From the line with "Caroline's Treasures BB9120CNL" down to the final line of the material, please transcribe everything exactly, but leave the pictures out.

_Material provided:_
────────────────

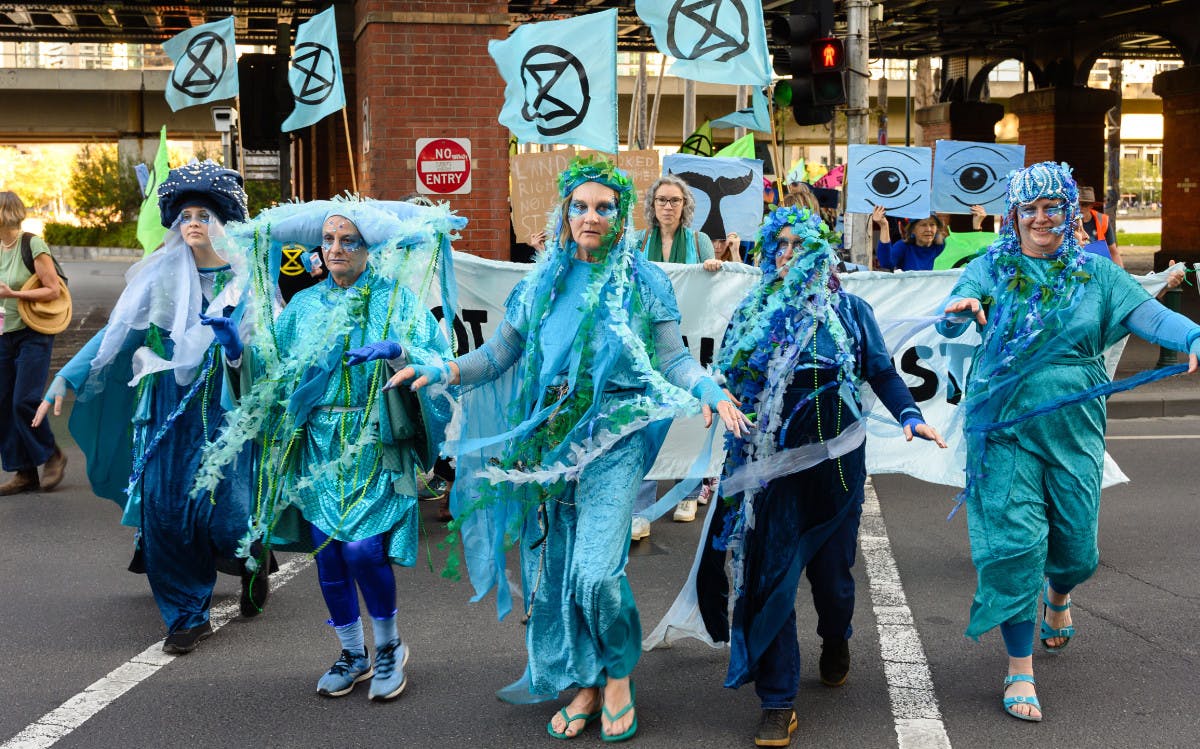 XR Blue Rebels represented sea creatures at the rally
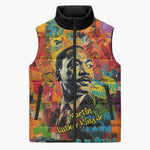 Martin Luther King Jr Sleeveless Puffer Jacket Colorful Street Art Portrait Black History Graffiti Style - African Pride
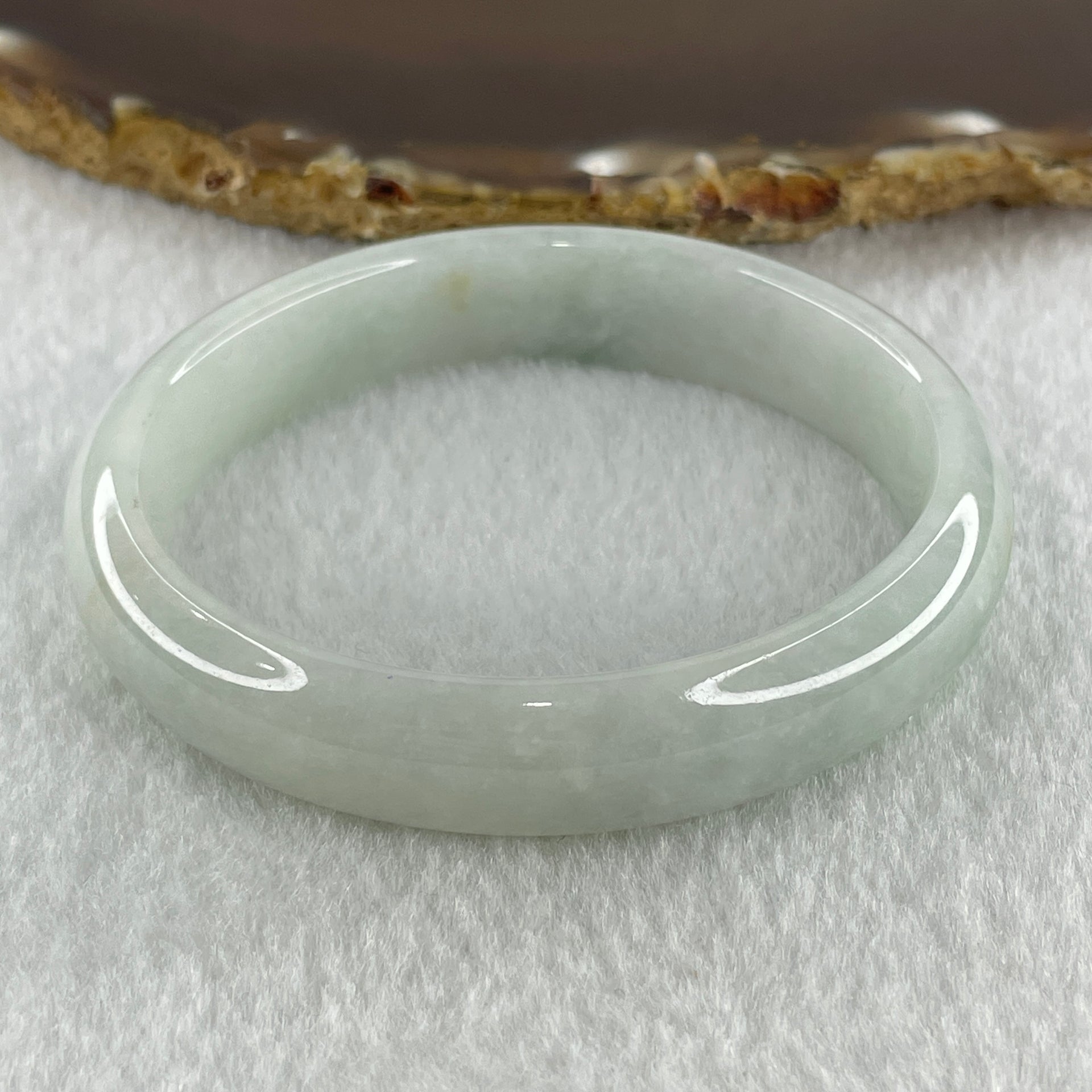 Natural Type A Faint Green Faint Lavender Jadeite Oval Bangle 42.10g Inner Diameter 55.2mm 12.8 by 7.4mm (Very Very Slight Internal Lines) - Huangs Jadeite and Jewelry Pte Ltd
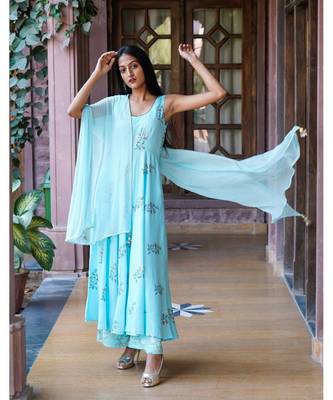 blue cotton stitched   kurta  &   dupatta  &   bottom 4
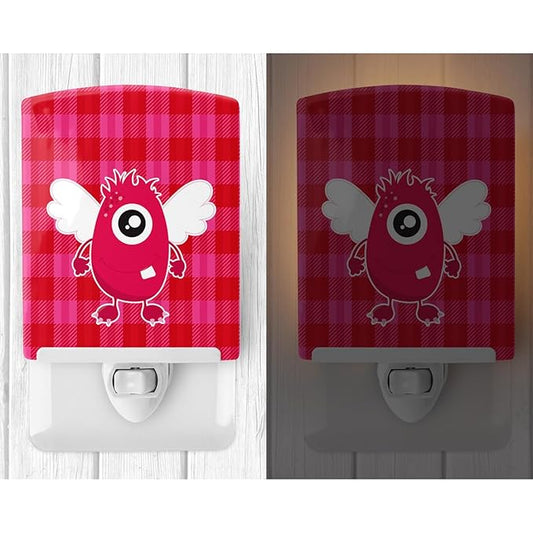 Caroline's Treasures BB9120CNL Monster Angel on Plaid #2 Ceramic Night Light Compact, UL-Certified, Ideal for Bedroom, Bathroom, Nursery, Hallway, Kitchen, 6x4x3, Multicolor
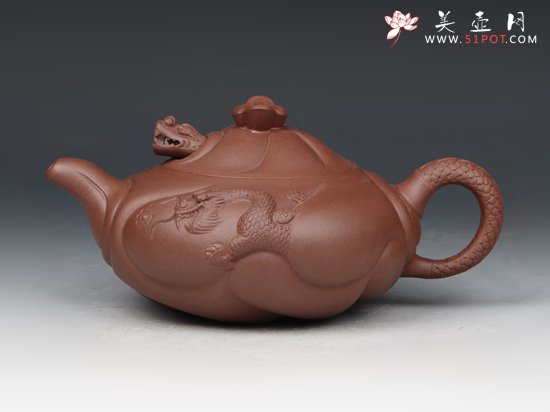 紫砂壶图片：鱼化龙 - 宜兴紫砂壶网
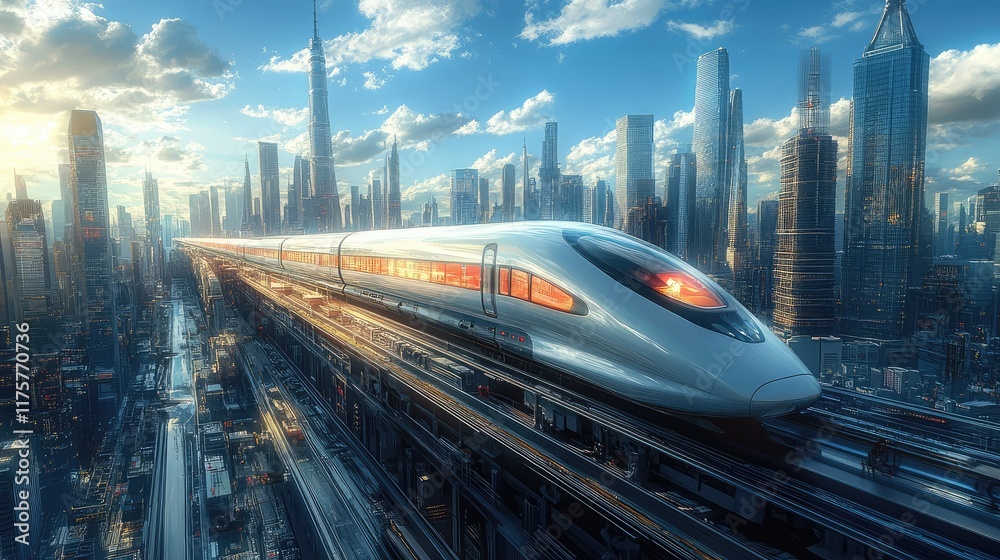 Fototapeta premium High-speed trains passing through a futuristic urban landscape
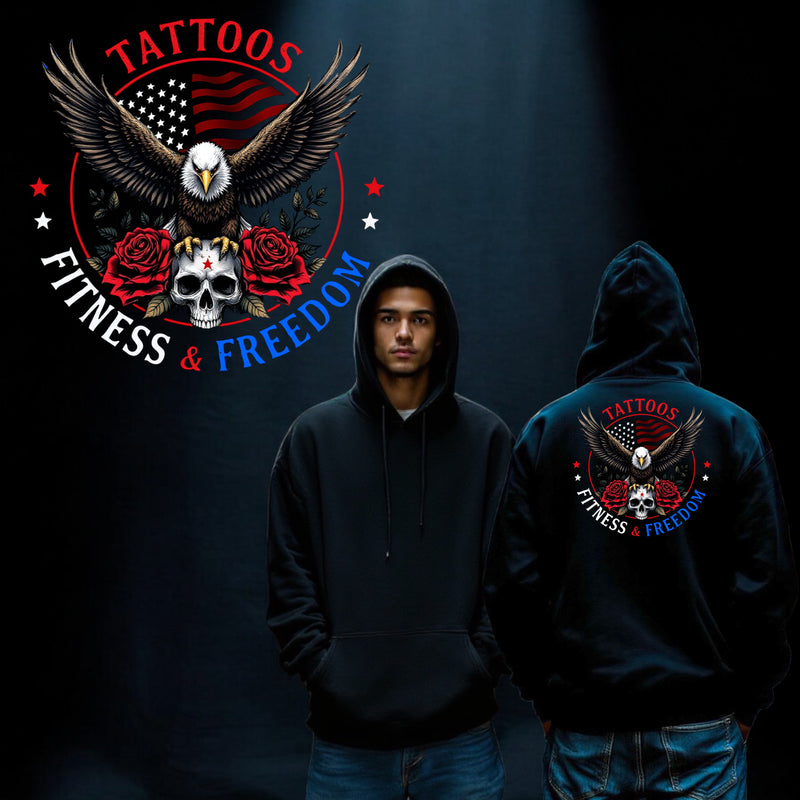 Flying Eagle With an American Flag, Skull and Roses. - TATTOOS FITNESS & FREEDOM LLC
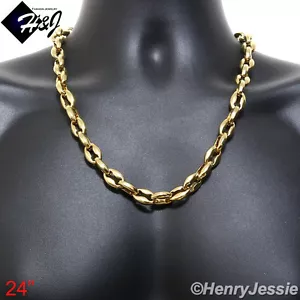24"MENStainless Steel HEAVY 12mm Gold Plated Puffed Mariner Chain Necklace*GN147 - Picture 1 of 3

────────────────

_Problem solution:_
 Caroline's Treasures BB9120CNL Monster Angel on Plaid #2 Ceramic Night Light Compact, UL-Certified, Ideal for Bedroom, Bathroom, Nursery, Hallway, Kitchen, 6x4x3, Multicolor
 紫砂壶图片：鱼化龙 - 宜兴紫砂壶网
 Fototapeta premium High-speed trains passing through a futuristic urban landscape
 Flying Eagle With an American Flag, Skull and Roses. - TATTOOS FITNESS & FREEDOM LLC
24"MENStainless Steel HEAVY 12mm Gold Plated Puffed Mariner Chain Necklace*GN147 - Picture 1 of 3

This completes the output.